How Jayson Tatum Attacked the Offseason Following Boston’s Finals Loss

How Jayson Tatum Attacked the Offseason Following Boston's Finals Loss

Jayson Tatum is still getting better. Following Boston’s playoff run to the Finals, Tatum was left wanting more after Golden State defeated the Boston Celtics in Game 6 of the Finals to win the series 4-2 and went on to celebrate on the Celtics’ parquet floor. 

“Definitely not a good feeling that I’ll never forget,” Tatum said per Sports Illustrated.

He shot 36.7 percent from the field in the Finals, down from 45.3 percent in the regular-season. The 2021-2022 NBA season was an eight-month slog for Boston, and after a rocky start, they almost came out on top. Tatum was exhausted toward the end of their run. Tatum went from averaging 35.9 minutes a night during the regular-season to playing 41.0 per game during the playoffs.

The physical tool he took manifested into a fractured wrist that forced Tatum to tape his wrist during games and a soft cast off the court, only taking it off when there were cameras around. When the Finals concluded with a Game 6 loss to the Warriors, Tatum went ghost for nearly two weeks, according to his trainer Drew Hanlen.

“I was exhausted. Didn’t feel like talking to anybody. Didn’t feel like being bothered. It’s hard to explain if you’ve never been in that situation but losing a championship was fucking miserable,” Tatum said on why he didn’t hit up Hanlen for two weeks after the Game 6 loss. 

After the two-week sabbatical, Tatum went to work on improving his game.

Per Hanlen, Tatum was “intense’ during workout sessions and “became obsessed with winning.” Hanlen said he didn’t lose a one-on-one game all summer and famously barked at his teammates when they fell 0-2 during a five-on-five session. After winning their third game of the session, Tatum and his teammates went undefeated for the rest of the day.

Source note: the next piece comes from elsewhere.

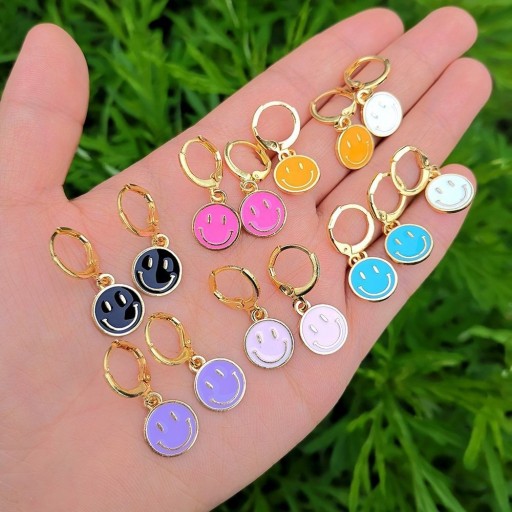 Boucles d'oreilles rondes pour femmes avec des smileys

He also wanted to improve his burst while attacking the rim to create contact and put more pressure on defenders. He was only fouled on 9.8 of his total drives. He adjusted his posture, embracing a lower base on his face-up. He tried to find ways to combat fatigue by changing his diet and increasing his conditioning drills. He shot hundreds of floaters.

He picked the mind of frequent workout partner and future Hall-of-Famer Kevin Durant. Tatum studied Durant’s ability to protect the ball, mainly how Durant uses his hips and shoulders to shield the ball from defenders and can protect it when he attacks the rim. Durant also gave Tatum advice on his hesitation dribble and side-step jumper.

“I’m still young enough where I feel like I can learn from a lot of guys,” Tatum said. “And he’s one of the best to ever do it.” 

Despite his expected increased role, Tatum seems to be looking forward to the opportunity to improve on the Celtics’ dee 2022 playoff run in this upcoming season, and this time, he hopes he can take the lessons he learned this summer with him.